Teheran is one of the world's biggest cities, with extremely high real estate prices on the level of pricey parts of London
But Iran's industries could benefit from modernizing their production equipment - and Germany has the goods. Suppliers of production machinery and parts for all sorts of industries, from chemicals or food processing to automotive or rail transport, are keen to do business in Iran.
"Construction machinery, chemicals, food processing, renewable energy equipment - those are some of the areas I think are especially promising for German industry," said Sasan Krenkler of Krenkler & Partner, a business consultancy specialized in helping German companies enter Iranian markets.
"Automobile production too," Krenkler added. "Iran is the Middle East's biggest car producer. It's one of many industries that needs modernizing."
Going in the other direction, Iran's exports to Germany will include crude oil, agricultural products and increasingly petrochemicals produced in Iranian chemical factories, such as one 350 million-euro complex built by Germany's Linde, at Bandar Imam.
But German industrialists haven't been sitting and waiting for the final signing of a nuclear deal before reactivating German-Iranian business ties. Many mid-sized enterprises have been exploring prospective opportunities for months in the hope or anticipation that sanctions might be lifted.
German industry hopes to climb back up the ranks of the largest exporters to Iran over the next few years
"Airliners flying to Teheran have been full of German businesspeople for weeks or months," Tockuss said. "The mood has brightened considerably during the past year."
There was also a strong presence of German firms at the annual Inotex technology trade fair in Tehran in June.
The biggest German corporations have been less visibly active, according to Tockuss, in part because they're more subject to political pressures generated by the sanctions regime in Iran. They're now going to be positioning themselves to grab a share of Iranian markets.
"Realistically, I think bilateral trade could increase by as much as a factor of five over the next few years," Krenkler said. "But it depends on political developments. The end to the sanctions regime agreed today could still be reversed if things go badly."
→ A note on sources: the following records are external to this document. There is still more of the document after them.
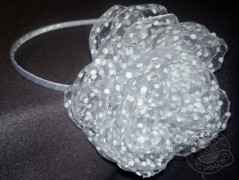 Srdíčko s bílou mašlí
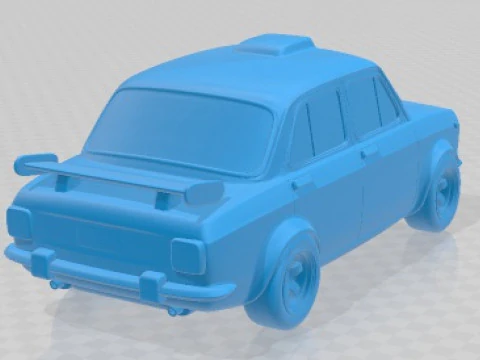 Seat 850 4 Doors Sport Cartoon Tuning Printable Car 3D Print Model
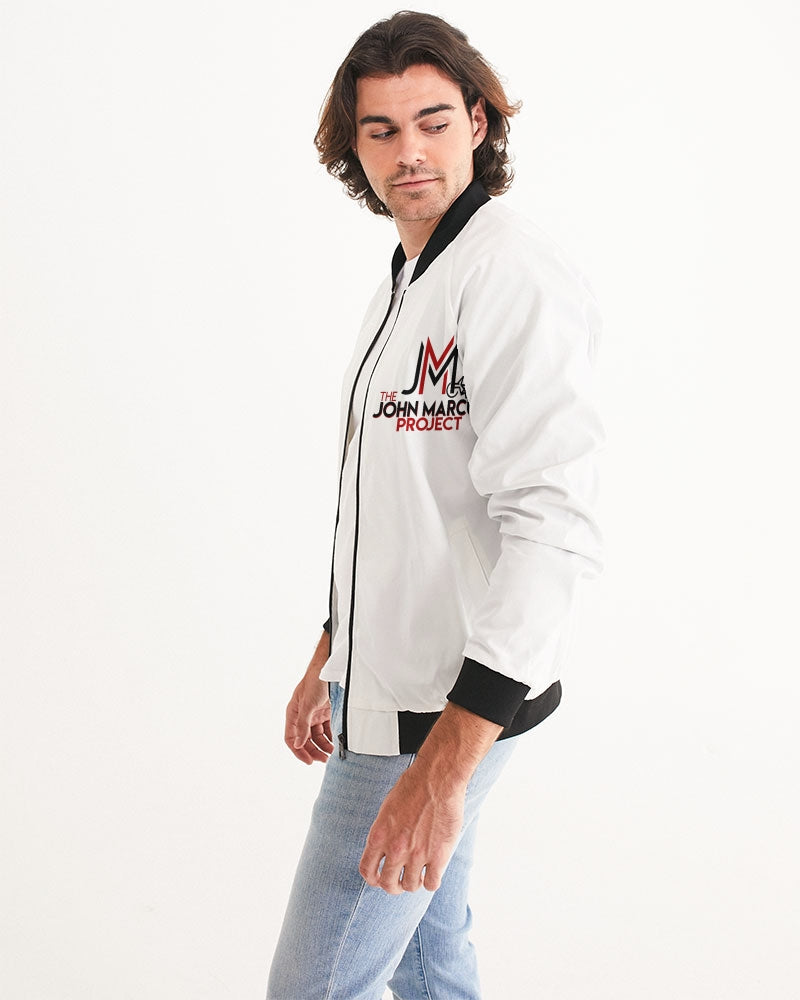 John Marcus - Black & Red Men's Bomber Jacket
As potential obstacles, he listed an upcoming vote in the US Congress and who the next American president is.
China's exports to Iran have increased in tandem to Germany's sanctions-driven reductions in exports to the country
New deals can't be made operational instantly, Krenkler said, because the administrative and technical infrastructure for financial transactions needs to be rebooted first. He sees a planning horizon of six to nine months for projects to gear up.
That means trade volume won't really take off until 2016.
In recent years, Iranians have done a lot of business with Chinese firms because relationships with European and American firms were blocked by Western sanctions. However, both Tockus and Krenkler said that doesn't present a long-term threat to German market share.
"Iranians prefer doing business wth Europeans rather than Asians, and within that, Germans have a specially favored status," Krenkler said.
In part that's because of Germany's reputation for making durable, high-quality machines. But it goes beyond purely pragmatic considerations.
Iranians feel they have more in common culturally with Europe than with eastern Asia, and they have long-standing cultural, business and personal ties to Germany. Historically, German engineers built Iran's railways and bridges back in the 1920s.
"Quite a few Iranian engineers were educated in Germany," Krenkler said.
After the Iranian revolution in 1979, many members of the country's educated elite fled to Germany.
"German writers and philosophers like Goethe, Habermas, Nietzsche are much-read by Iranian intellectuals," Krenkler said. "There's a deep well of cultural respect."